The industry has been talking about the idea of “viewability” for as long as “the year of the mobile”. It seems we are at a bit of a watershed where technology is finally breaking through to allow the conversation to move into action.
First off, to clear up: What is Viewability and why should I care? Quite simply, we’re talking about whether a real user saw the ad I, as an advertiser, served on a website – not an auto played video on a pop-under, not a banner in the footer that 10 minutes of downward scrolling wouldn’t find. One of the current Stats du Jour is 54% of all display ads served worldwide currently are not actually in view when served (ComScore). This is a lot of media dollars spent on advertising never seeing the light of day. Based on digital ad spend being about 22% of the $50bn spent on media globally in 2013, that’s anywhere up to $6bn in “waste”.
The industry, backed by technology, is definitely making progress in this area – amongst others, Google has Active View, TubeMogul has released its Viewability for video product and the industry at large is banding together to work to a solution via the IAB’s Making Measurement Make Sense (3MS) initiative. It should only be a matter of time before viewability metrics become regular currency in display and video buys – it’s not really going out on a limb to expect this in 2014.
So what does this mean for the advertiser? Firstly, before jumping to any conclusions of cutting budgets by 54%, the use of the newest tools should provide insight – who are the publishers and exchanges who are worst for serving out of view impressions? Rather than specific publishers, is it specific parts of your targeted audience who have a higher propensity to view or not view due to their online behaviour? Only then can the Efficiency Scissors be sharpened and planners should be systematically working through their publisher lists to optimize towards sites where they’re ads have higher viewability. With that should bring improvements in engagement and all round improvements in performance.
Clearing the unviewable impressions away will make for a huge saving for advertisers, in turn screw over the naughty publishers who fooled us about their huge inventory for so long and advertisers can funnel all their saving out into TV and print, right?

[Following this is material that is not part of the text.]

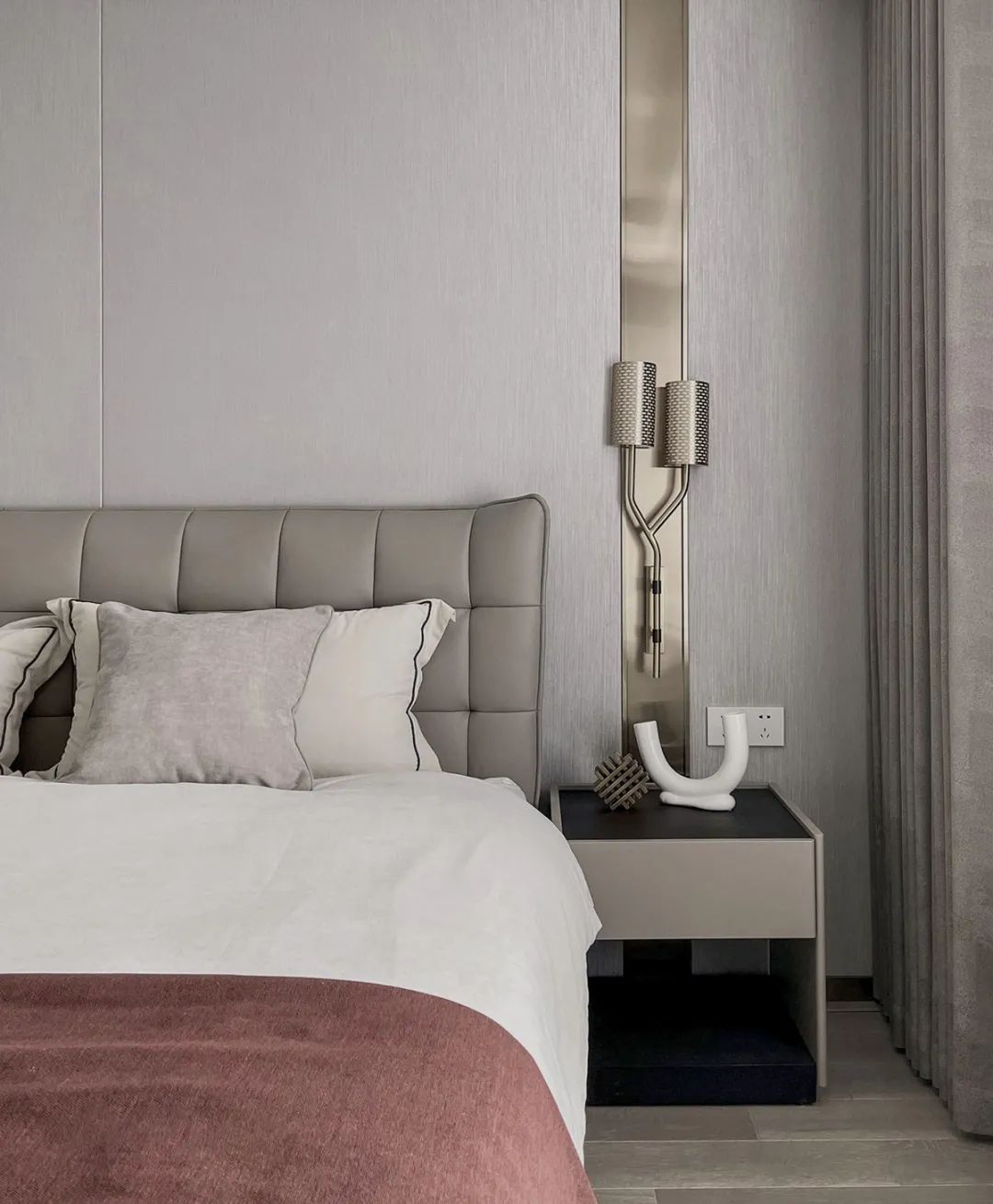 隐形门+端景柜：这个极简风小三房，处处都藏着心机小细节！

No. Of course, there should definitely be a saving on any inventory that isn’t viewed (or a good proportion of it) – that’s just reducing wastage – but I would see these dollars reinvested into more expensive, more premium placements that are more likely to drive engagement. If publishers work hard to optimize their sites and placements to get ads into engaging, viewable positions, surely any brand would happily pay more, knowing it was going to be seen by their targeted consumer. This is what already sets digital, and programmatic RTB in particular, aside from other channels – the ability to specifically buy the audience you want to reach. With the overlay of 1st party and the multitude of 3rd party data sources, gone are the days where RTB was a bottom feeder of cheap inventory and the addition of viewability will only add to its ability to be an efficient channel to drive both sales and quality brand engagement, though all parties will need to forget the days of $1.50 CPMs being the hero statistic.